»»

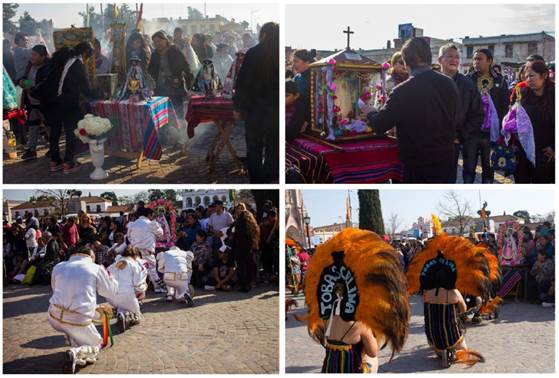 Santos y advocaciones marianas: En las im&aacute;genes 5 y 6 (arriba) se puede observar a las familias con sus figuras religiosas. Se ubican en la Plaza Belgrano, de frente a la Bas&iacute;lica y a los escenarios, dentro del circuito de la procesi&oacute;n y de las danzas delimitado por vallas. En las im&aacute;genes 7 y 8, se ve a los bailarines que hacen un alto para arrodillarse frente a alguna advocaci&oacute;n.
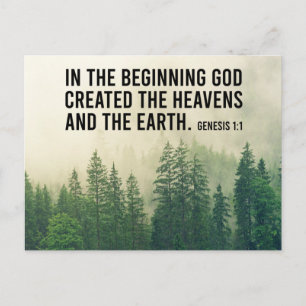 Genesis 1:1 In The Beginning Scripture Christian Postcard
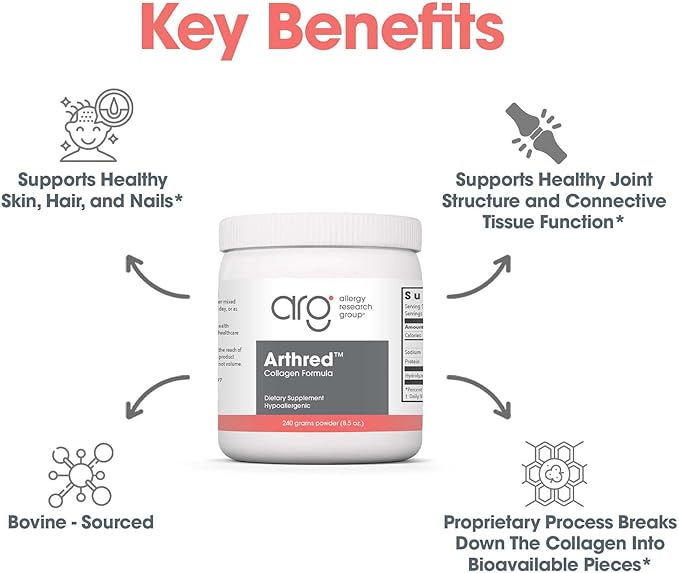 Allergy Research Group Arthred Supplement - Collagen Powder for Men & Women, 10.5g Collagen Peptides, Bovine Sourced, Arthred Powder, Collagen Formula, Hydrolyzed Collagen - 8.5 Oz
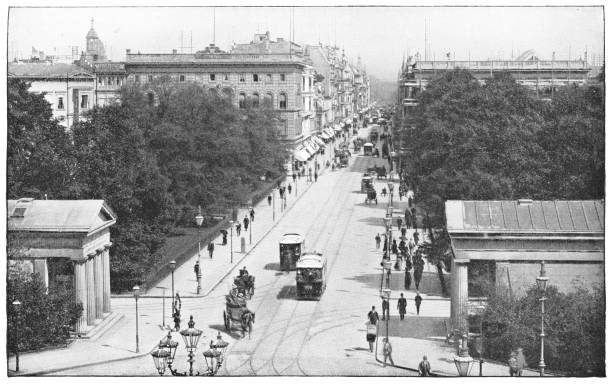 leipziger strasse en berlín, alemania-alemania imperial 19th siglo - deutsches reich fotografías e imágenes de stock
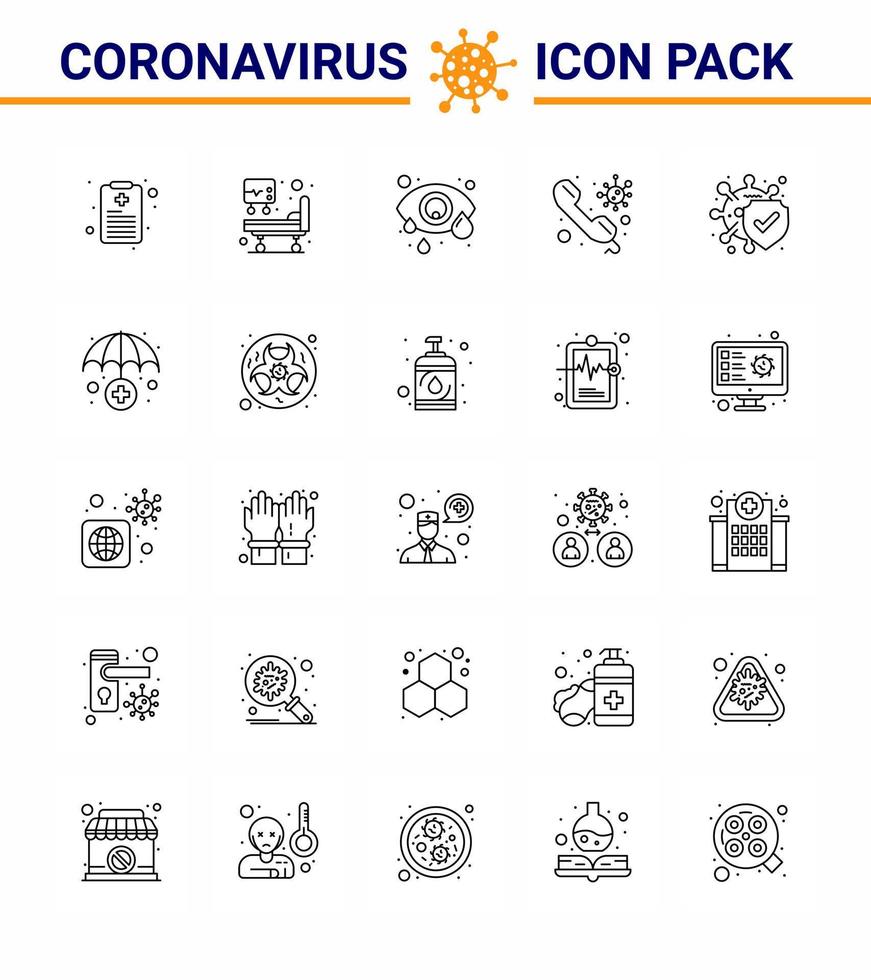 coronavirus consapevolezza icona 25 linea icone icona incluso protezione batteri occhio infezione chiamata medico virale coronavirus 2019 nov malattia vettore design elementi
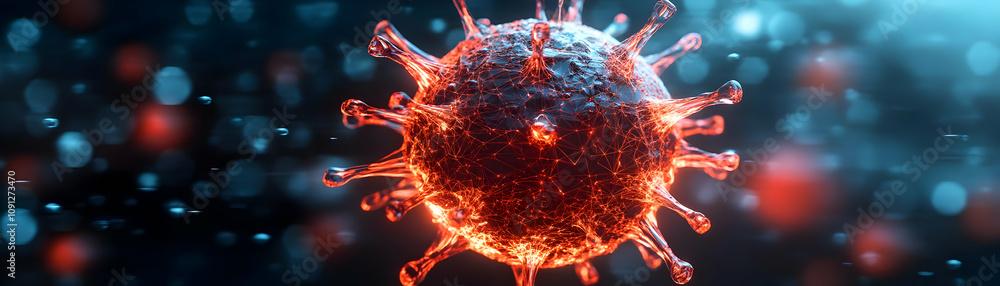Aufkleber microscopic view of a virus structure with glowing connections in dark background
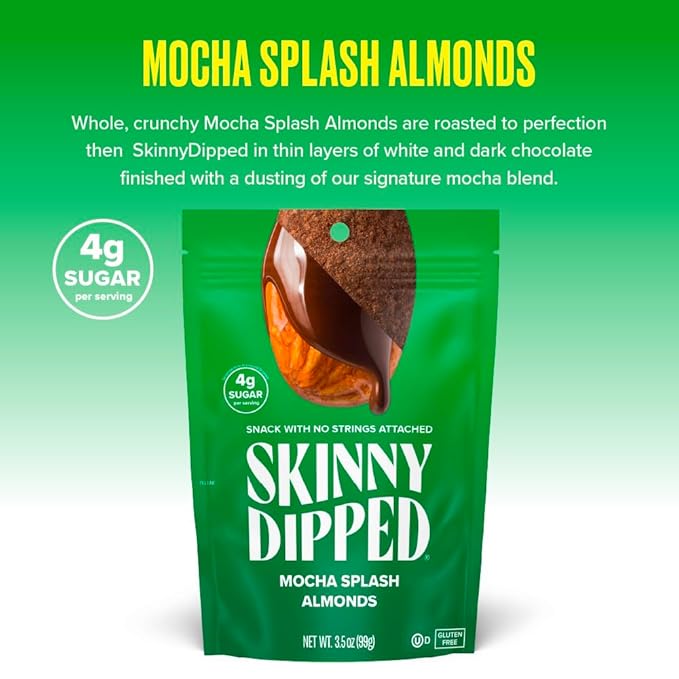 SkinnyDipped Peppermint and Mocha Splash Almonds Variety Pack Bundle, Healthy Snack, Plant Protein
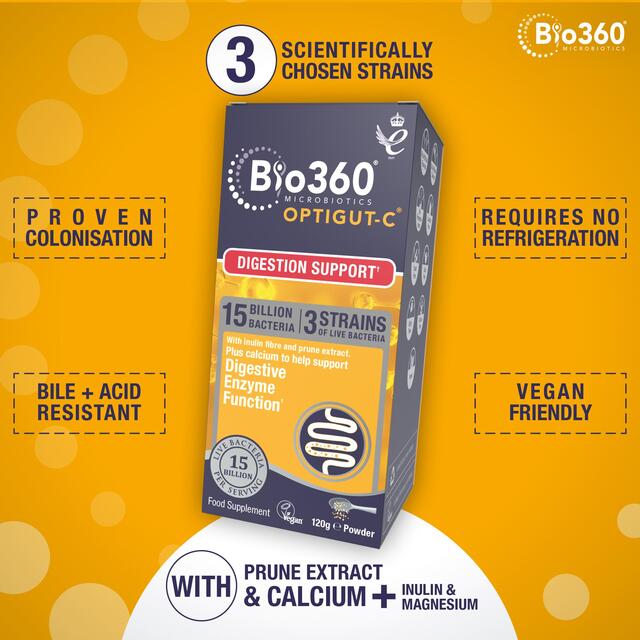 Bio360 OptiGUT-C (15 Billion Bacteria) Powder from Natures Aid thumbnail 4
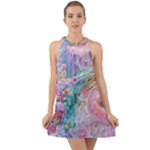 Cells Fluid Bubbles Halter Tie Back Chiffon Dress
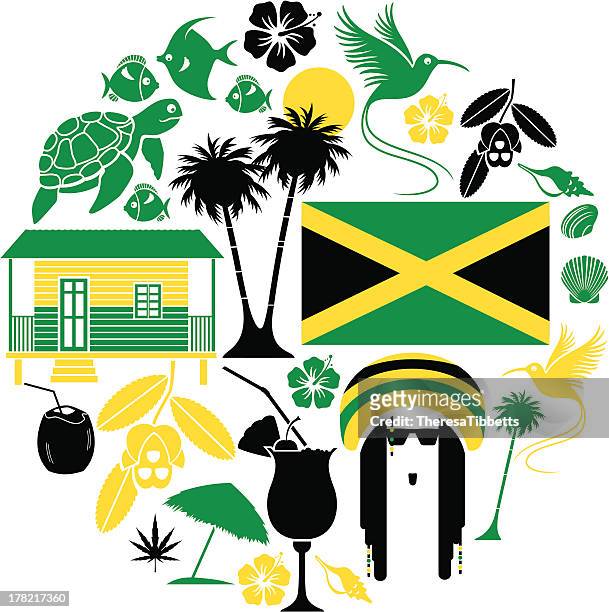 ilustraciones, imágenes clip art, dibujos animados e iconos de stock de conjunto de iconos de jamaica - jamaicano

««

Work item. Pictures excluded, repeat the records exactly from their opening line through the line containing "Allergy Research Group".

Expected answer.
 Santos y advocaciones marianas: En las im&aacute;genes 5 y 6 (arriba) se puede observar a las familias con sus figuras religiosas. Se ubican en la Plaza Belgrano, de frente a la Bas&iacute;lica y a los escenarios, dentro del circuito de la procesi&oacute;n y de las danzas delimitado por vallas. En las im&aacute;genes 7 y 8, se ve a los bailarines que hacen un alto para arrodillarse frente a alguna advocaci&oacute;n.
 Genesis 1:1 In The Beginning Scripture Christian Postcard
 Allergy Research Group Arthred Supplement - Collagen Powder for Men & Women, 10.5g Collagen Peptides, Bovine Sourced, Arthred Powder, Collagen Formula, Hydrolyzed Collagen - 8.5 Oz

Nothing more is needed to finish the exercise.